Harris County keeps property tax rate even but bills may rise

From the Houston Chronicle:
By: Gabrielle Banks

For the twentieth year in a row, officials essentially have opted not to raise the property tax rate in Harris County.

However, their vote Friday does not mean tax bills will remain the same as last year. Taxpayers whose appraised property values have risen will still owe the county more in April.

Judge Ed Emmett said the county has taken a conservative approach to managing its finances, maintaining a triple-A bond rating and keeping up with infrastructure and flood control mitigation as the unincorporated parts of the county continue to grow.

After fielding public criticism from two former county tax officials, Commissioners Court voted to maintain a property tax rate which has remained steady with the exception of a tiny reduction of .175 cents in 2005 and a one cent rate cut before the economy collapsed in 2008.

The timing of that cut was unfortunate, according to Bill Jackson the county’s budget manager, because the US economy was headed into a tailspin that caused incoming revenue to drop. During the third and final meeting for public comment on the rate, two former Harris County Tax Assessor-Collectors shared their critique of keeping the same tax rate as Harris County continues to burst at its seams in terms of population growth.

“Over the last five years, the increase in values have allowed the tax base to go up 40 percent,” Don Sumners, who served as Harris County Tax Assessor-Collector in 2011 and 2012, told the court members. “The pie has grown significantly, but for several years now the court has chosen not to share any of that pie with the taxpayers.”

Sen. Paul Bettencourt, R-Houston, who served as the county’s top tax official from 1999 to 2009, did not appear in person, but he wrote County Judge Ed Emmett an open letter, which one of his staff members read aloud to the court members. Bettencourt blasted the county for squeezing taxpayers for $700 million more than it had three years prior and urged the court to provide tax relief for “hard pressed Harris County taxpayers.”

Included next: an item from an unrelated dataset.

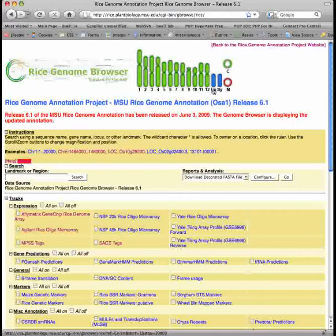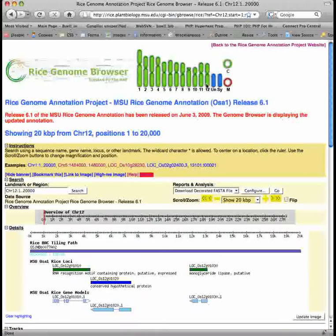Just click on one of the glyphs to load the browser. Alternatively, you can also view regions of the genome by using the search function in the landmark or region search box. Type in the box either a keyword such as a functional annotation like aquaporin, or a locus ID. First, let's try using the landmark sample locus.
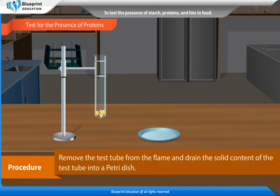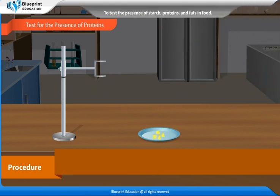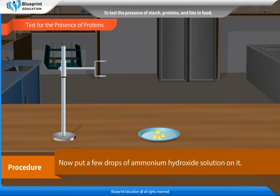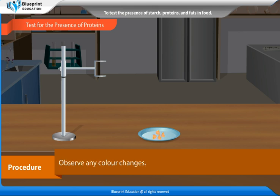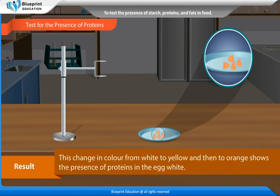Remove the test tube from the flame and drain the solid content into a petri dish. Now put a few drops of ammonium hydroxide solution on it and observe any color changes. Observation: The color of the egg white changes to yellow on addition of nitric acid, and then to orange on adding ammonium hydroxide. Result: This change in color from white to yellow and then to orange shows the presence of proteins in the egg white.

Following this testimony, before a mostly vacant chamber, the five-member Commissioners Court moved forward, choosing the same overall tax rate for four entities it oversees — the county, the hospital district, flood control district and the Port of Houston. While the overall rate stays the same, officials tweaked the individual rates for each of these entities up and down a bit.

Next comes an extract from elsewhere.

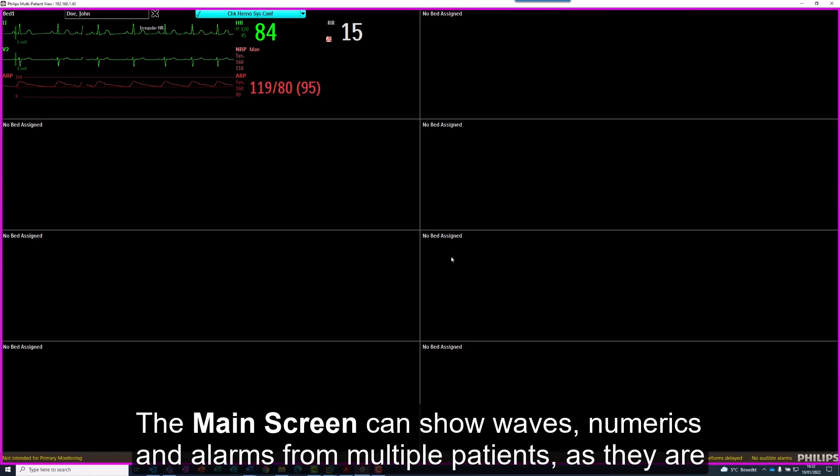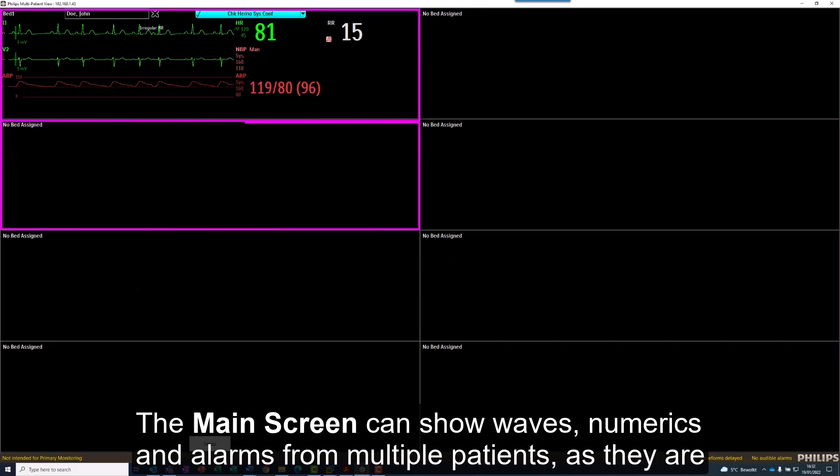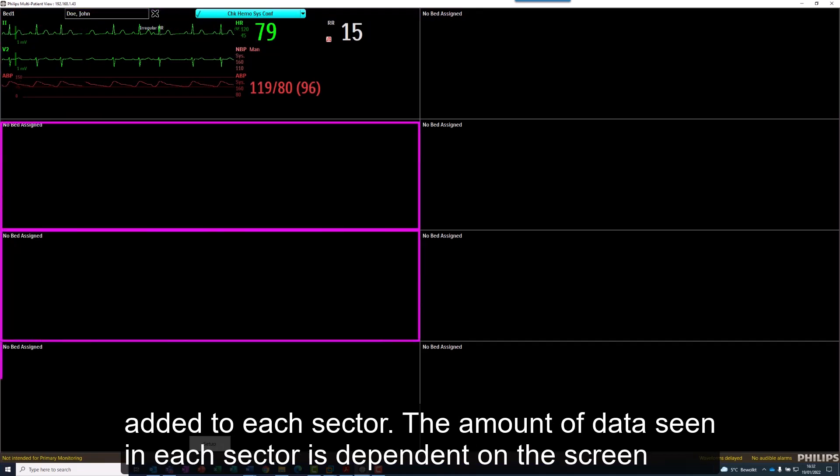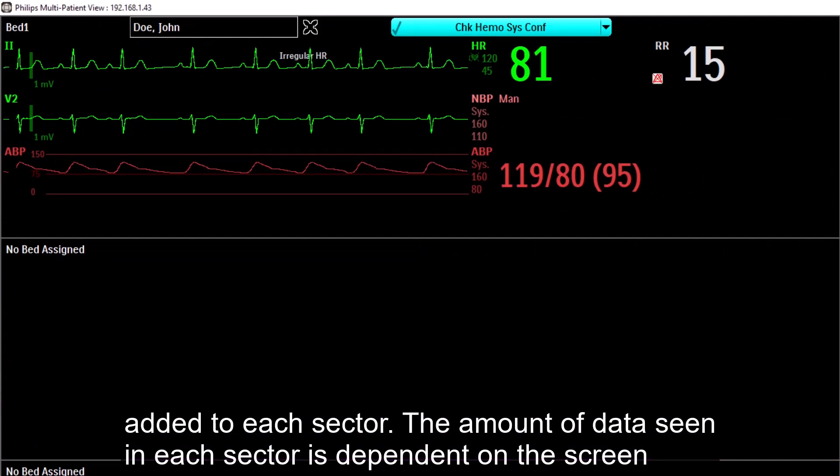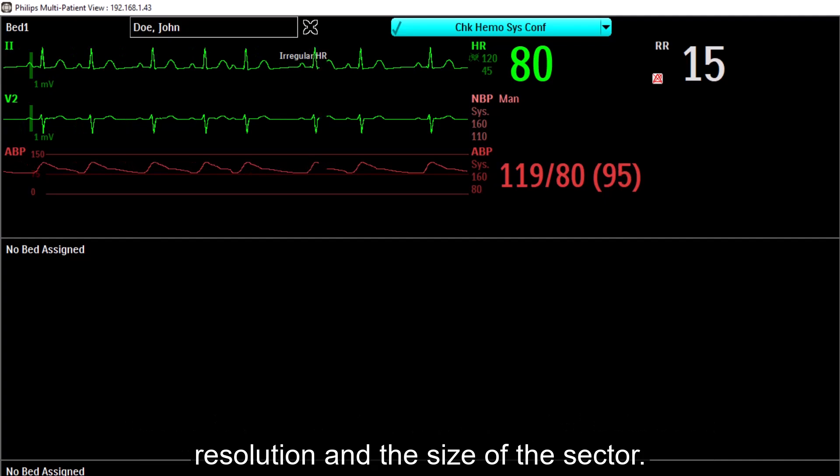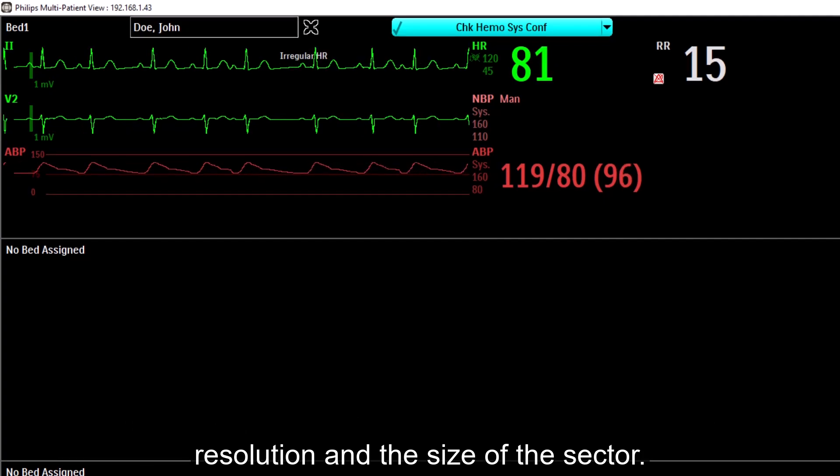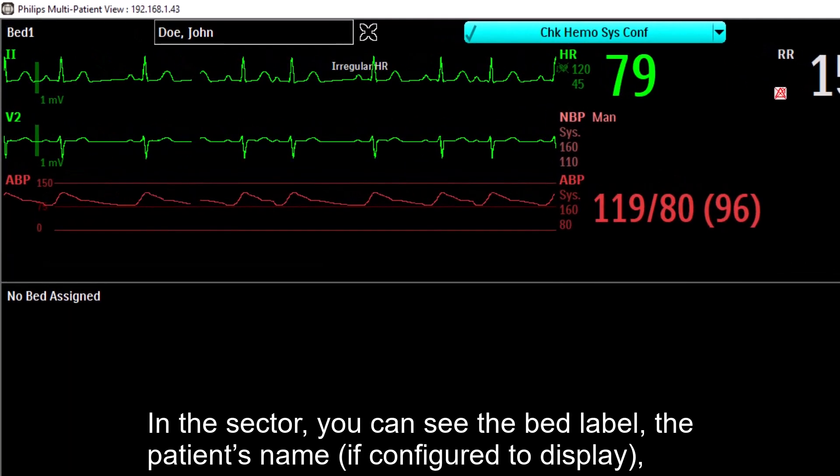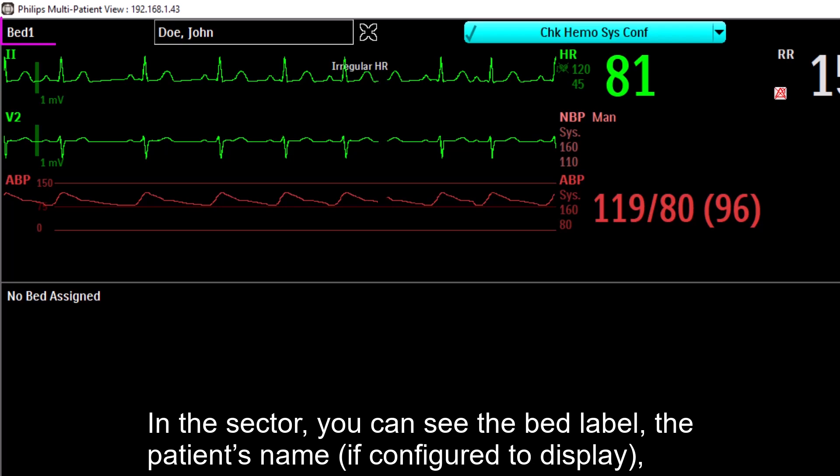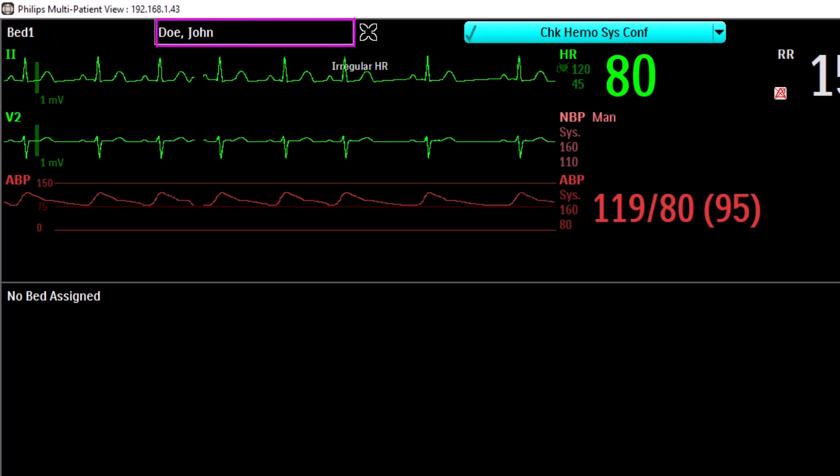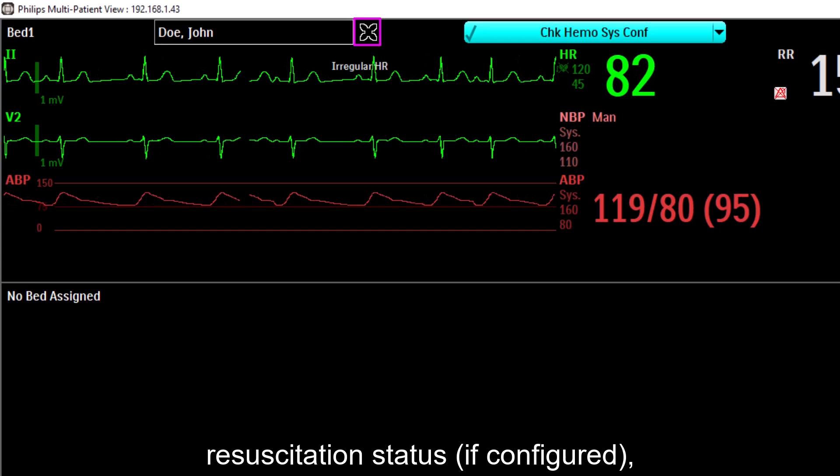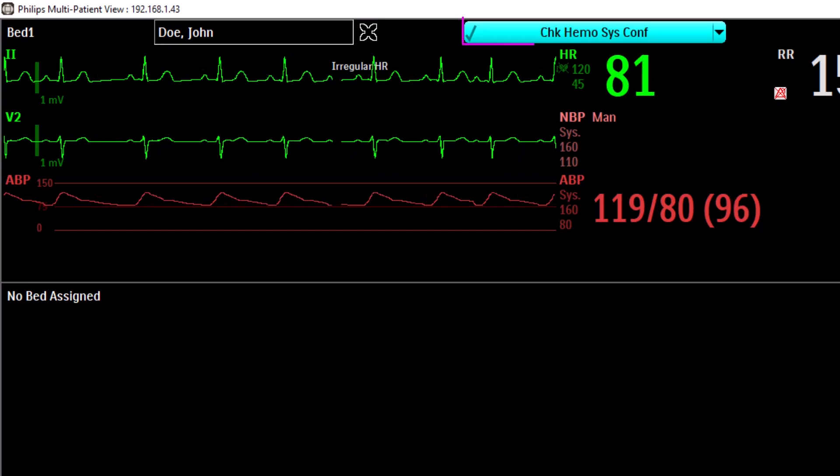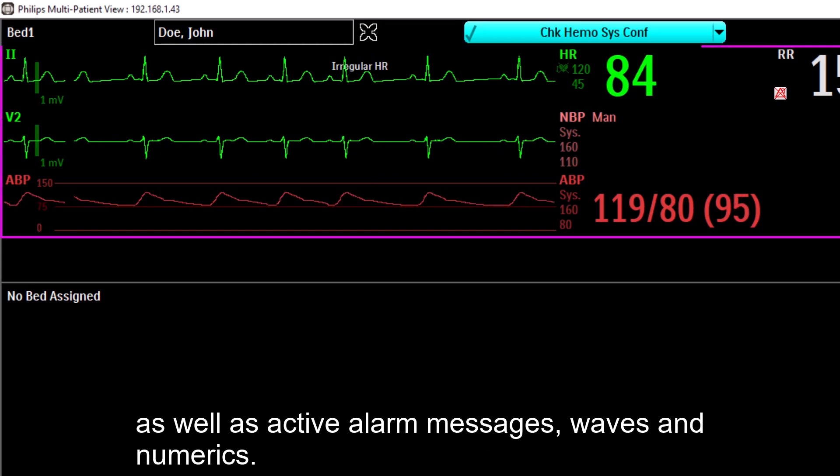The main screen can show waves, numerics, and alarms for multiple patients as they are added to each sector. The amount of data seen in each sector is dependent on the screen resolution and the size of the sector. In the sector, you can see the bed label, the patient's name if configured to display, resuscitation status if configured, as well as active alarm messages, waves, and numerics.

Unlike the City of Houston, the county does not have a limit on the revenue it can collect if property values rise. But the county does not benefit from levying a sales tax.

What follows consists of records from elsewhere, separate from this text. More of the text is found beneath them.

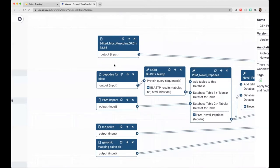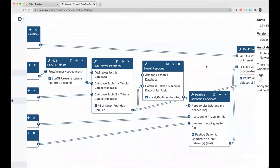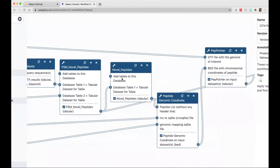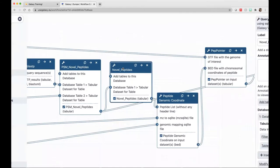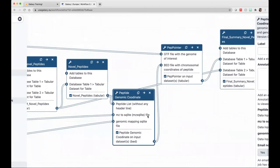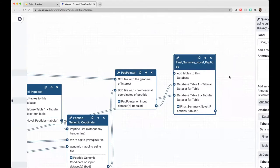Each and every tool involved in your workflow will be right here. The inputs are the Mus musculus GTF file, the peptides for BLAST-P, the PSM report, the mz2sqlite, and the genomic mapping file. The tools involved are NCBI BLAST-P, query tabular to extract novel peptides, PSM information, a novel peptide only file, the peptide genomic coordinate tool, the PepPointer tool, and the final summary query tabular output.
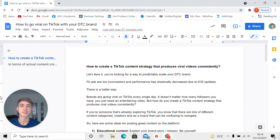Hey, hope you are having a great day. In this video, I want to talk about how to create a TikTok content strategy that produces viral videos consistently. This is a question that I get a lot, especially due to the fact that TikTok is such a different platform from Instagram and Facebook.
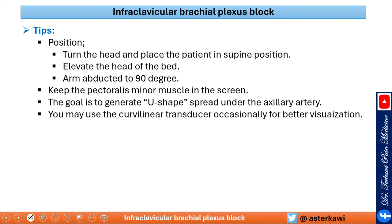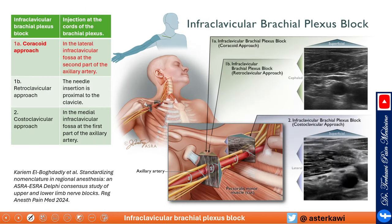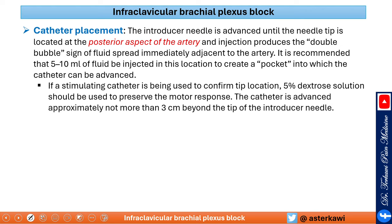You may use a curvilinear transducer for better visualization in morbidly obese patients. There are three reported approaches: the vertical infraclavicular approach, inserting the needle immediately inferior to the clavicle; the coracoid approach — the most commonly performed and personally recommended approach — inserting about 2 cm medial and inferior to the coracoid process; and the retroclavicular and costoclavicular approaches. The coracoid approach allows visualization of the pectoralis minor. For catheter placement, place the tip at the posterior aspect of the artery (six o'clock). Use dextrose 5% rather than saline to open up the space if using a stimulating catheter to ensure proper nerve conduction.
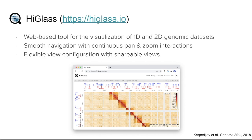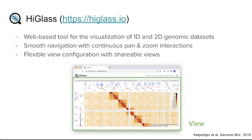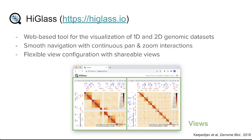HiGlass is a web-based application designed for the visualization of 1D and 2D genomics data. It provides smooth navigation via continuous zoom and pan and interactions that include flexible view configuration. HiGlass contains separate views that describe the visual surface of the web browser as well as views that can be linked together seamlessly.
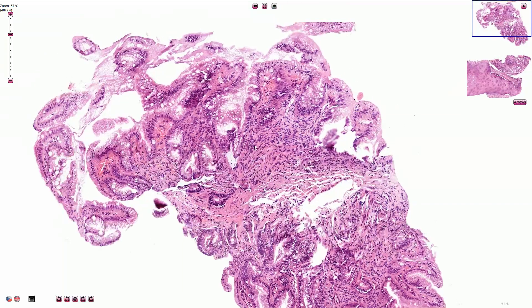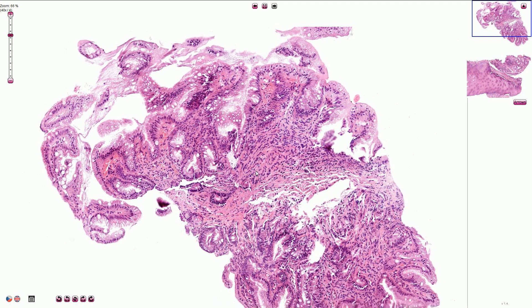So once again: columnar epithelium with multiple goblet cells and some inflammatory infiltration of the lamina propria.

Emmett said the biggest strain on county taxpayers is having to cover Medicaid dollars that the state government will not reimburse for indigent patients.

If the state could make those funds available, taxpayers would get serious relief, he said, referring to the governor’s office, which has refused under two administrations to expand Medicaid. More than one-quarter of the tax rate goes to the hospital district, Emmett said, “That’s all on the taxpayers of Harris County.”